Tip: Shut the Hell Up About Eggs

A new study tells us that eggs will kill you after all. Should you listen to it? Here's some perspective.

Good Grief, Here We Go Again

Despite several solid studies that exonerated eggs from playing any part in heart disease (1,2), a new study is telling us that we'd best curb our intake (3).

Never mind that the revamped U.S. dietary guidelines issued in 2015 said there was "no appreciable relationship between consumption of dietary cholesterol and serum cholesterol," this latest report is telling us to beware of egg consumption.

This is how society becomes inured to cautionary health recommendations. Momma says we can't but dad says we can and then they both change their minds repeatedly and junior grows up neurotic and ends up on a clock tower with a rifle, only in this case, he's armed with a crate of eggs and he's raining them down onto hapless scientists.

Top of the world, Ma!

People have grown to think all nutrition information is horse puckey and they might as well do what they want because if it doesn't cause heart disease, it'll sure enough cause cancer, Alzheimer's, liver damage, urinary tract infections, you name it.

So let me try to do a little clean up on aisle 4, where someone seems to have dropped a carton of eggs.

Admittedly, at first glance, the study appears to have some ball-swinging gravitas. Scientists combined the results of 6 different research papers and amassed statistics for almost 30,000 people over a period of 17 years.

They found that for each additional 300 mg. of cholesterol in the diet, people had a significant increase in both cardiovascular disease and risk of death from any cause. They even went so far as to say that each additional half-egg consumed was "significantly associated with a higher risk of CVD (cardiovascular disease)."

And the paper even appeared in JAMA, the Journal of the American Medical Association, and not some cheesy magazine that publishes studies by loser scientists on how alcohol consumption increases the chances of unprotected sex or how herring fish communicate by farting.

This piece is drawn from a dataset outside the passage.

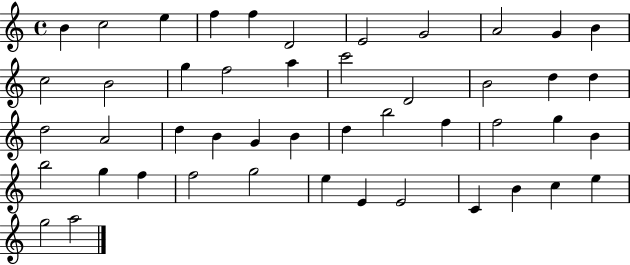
B4/q C5/h E5/q F5/q F5/q D4/h E4/h G4/h A4/h G4/q B4/q C5/h B4/h G5/q F5/h A5/q C6/h D4/h B4/h D5/q D5/q D5/h A4/h D5/q B4/q G4/q B4/q D5/q B5/h F5/q F5/h G5/q B4/q B5/h G5/q F5/q F5/h G5/h E5/q E4/q E4/h C4/q B4/q C5/q E5/q G5/h A5/h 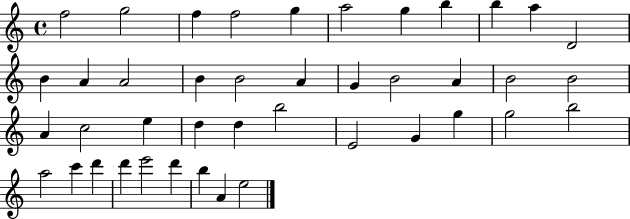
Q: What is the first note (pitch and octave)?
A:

Game, set, and match, right? Go back to eating your sad little egg whites while the sewers abound with orange streaks of lutein and zeaxanthin from all the discarded yolks.

Well, maybe we don't have to.

There's a big problem with this study. While there appears to be a correlation between egg consumption and heart disease, it doesn't mean that there's causation between eggs and heart disease.

Look, the study relied on "food recall." Participants were asked to remember what they ate for breakfast over a period of weeks. Fitness people can remember what they ate for breakfast because it's usually the same damn thing, over and over again. Plus, it's important to them. But regular people? They usually don't remember if they had pastry, Cap'n Crunch, or yes, eggs.

Besides, the researchers didn't appear to consider cholesterol from non-egg sources. Case in point, if you find an egg on a plate, you usually don't have to look far to find some bacon, buttered toast, or creamed coffee.

Perhaps most egregiously, the researchers, while addressing them, still gave short shrift to other factors that heavily influence cardiac health, like smoking, body weight, BMI, and saturated fat intake.

Lastly, you have to consider that just as many people with low cholesterol die of heart disease as people with high cholesterol. Never mind that the vast majority of people aren't even influenced by dietary cholesterol. They can eat lard and their cholesterol levels remain steady.

So I'm stickin' to my over-easy guns and I'm going to continue to eat eggs. They've got too much protein and too many healthful phospholipids and carotenoids to pass up because of a non-definitive study.

  1. Fuller NR et al. Effect of a high-egg diet on cardiometabolic risk factors in people with type 2 diabetes: the Diabetes and Egg (DIABEGG) Study-randomized weight-loss and follow-up phase. Am J Clin Nutr. 2018 Jun 1;107(6):921-931. PubMed.
  2. DiMarco DM et al. Intake of up to 3 Eggs per Day Is Associated with Changes in HDL Function and Increased Plasma Antioxidants in Healthy, Young Adults. J Nutr. 2017 Mar;147(3):323-329. PubMed.
  3. Zhong VW et al. Associations of Dietary Cholesterol or Egg Consumption With Incident Cardiovascular Disease and Mortality. JAMA. 2019 Mar 19;321(11):1081-1095. PubMed.